[Material provided Boundary: Start]
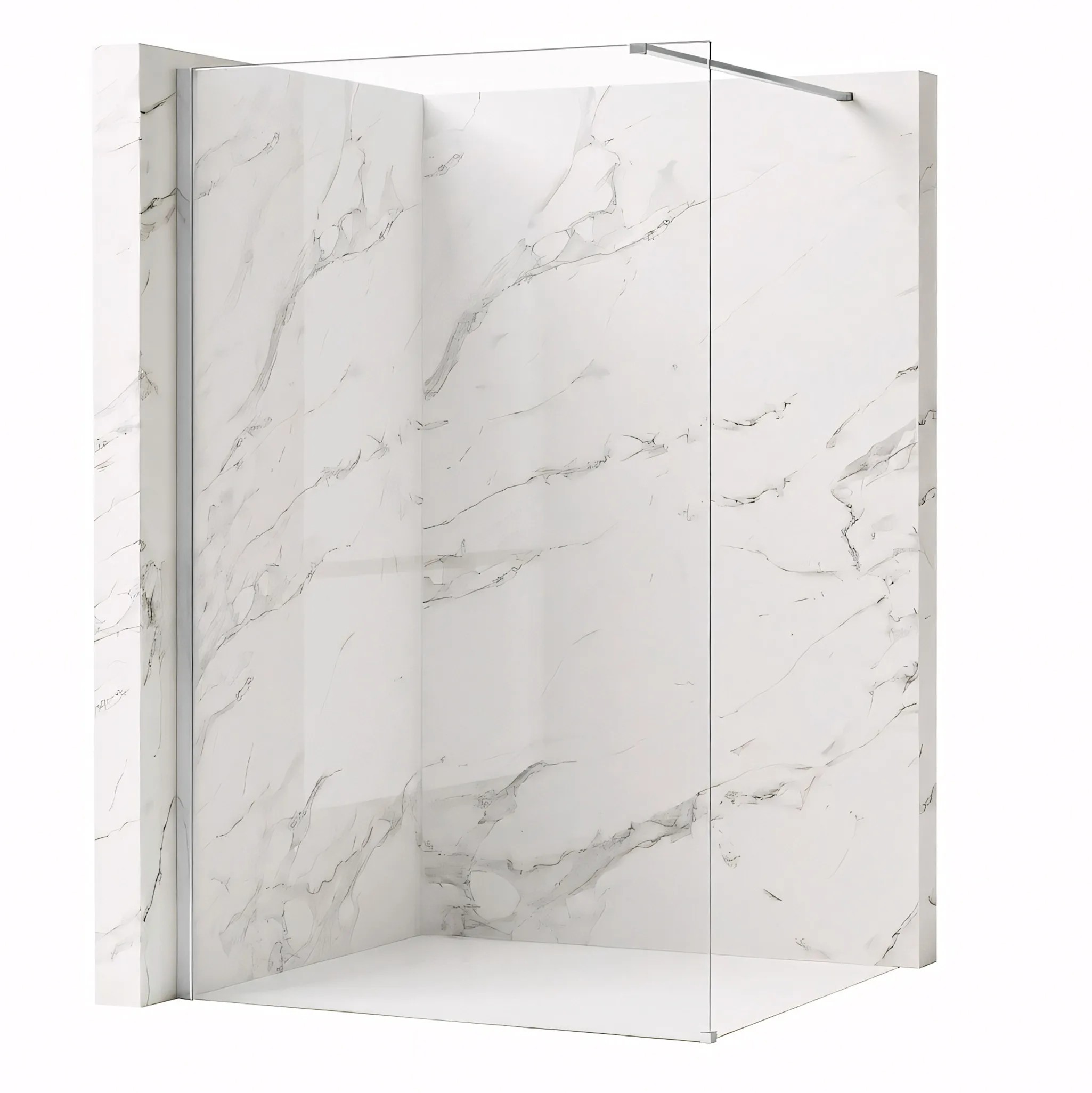 REA brusevæg Flexi Transparent 80 Krom, 120x80x195cm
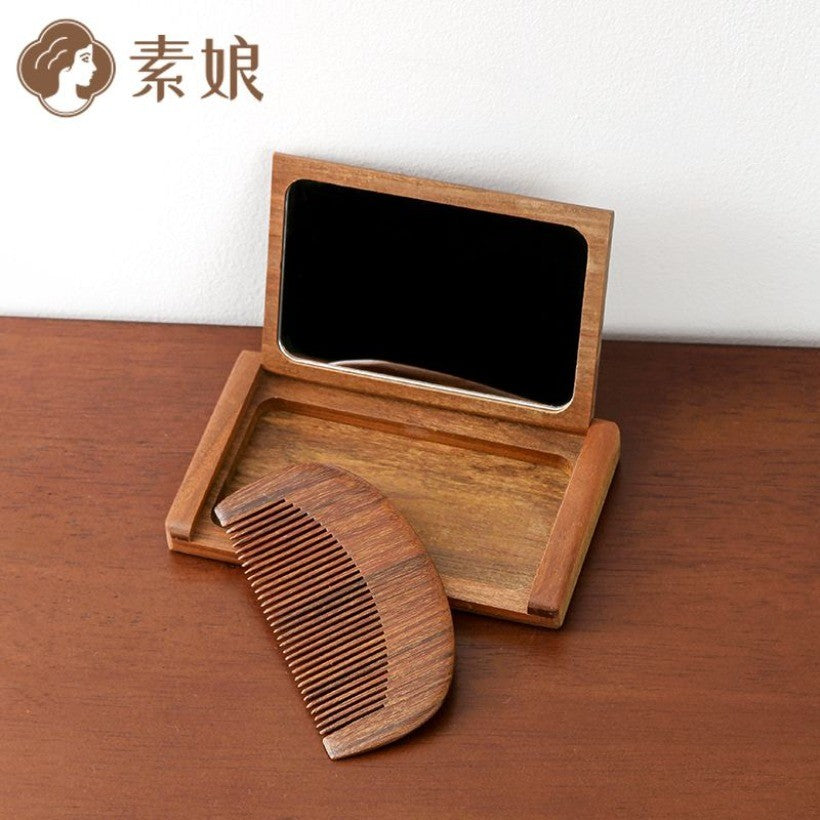 Wooden Folding Mirror 11.5×7cm with Comb Portable Mini Makeup Mirror for Women
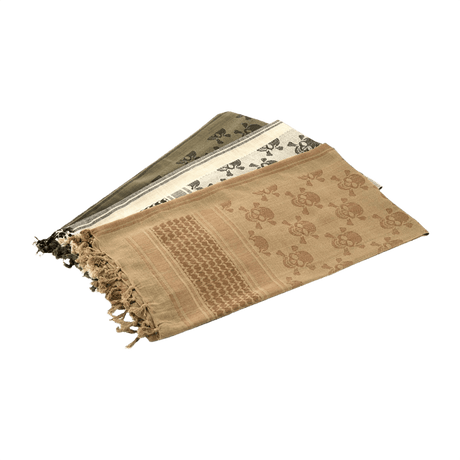 M-Tac Shemagh Tørklæde Pirate Skull i 100% bomuld, taktisk design med piratskallemønster, beskytter mod sol, sand og vind, 105x105 cm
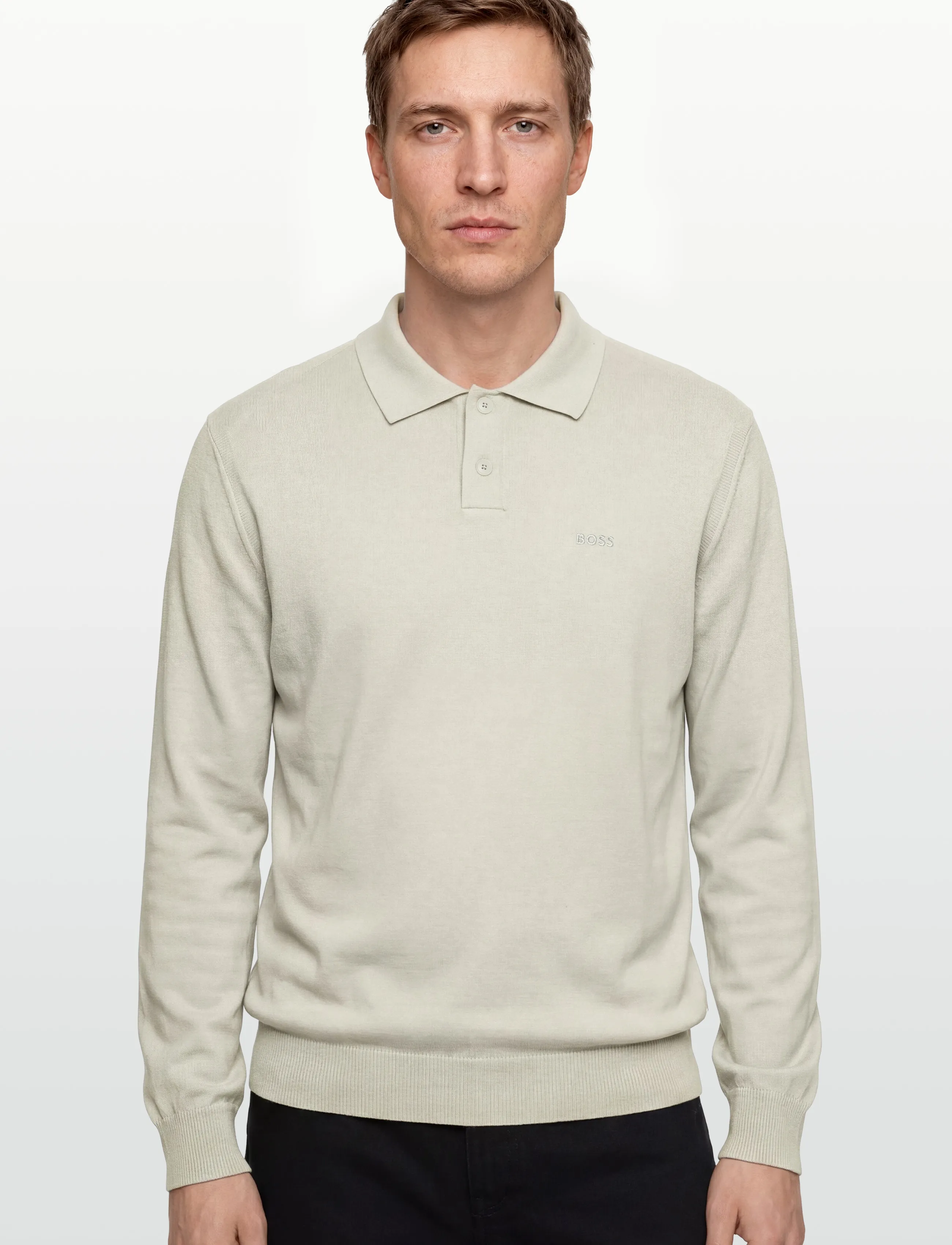 BOSS - Asac_PL - long-sleeved knitted polos - light beige - 3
[Material provided Boundary: End]
Activity
What you give back should be the full material above, retyped exactly, with every image removed.

Answer to this task
 REA brusevæg Flexi Transparent 80 Krom, 120x80x195cm
 Wooden Folding Mirror 11.5×7cm with Comb Portable Mini Makeup Mirror for Women
 M-Tac Shemagh Tørklæde Pirate Skull i 100% bomuld, taktisk design med piratskallemønster, beskytter mod sol, sand og vind, 105x105 cm
 BOSS - Asac_PL - long-sleeved knitted polos - light beige - 3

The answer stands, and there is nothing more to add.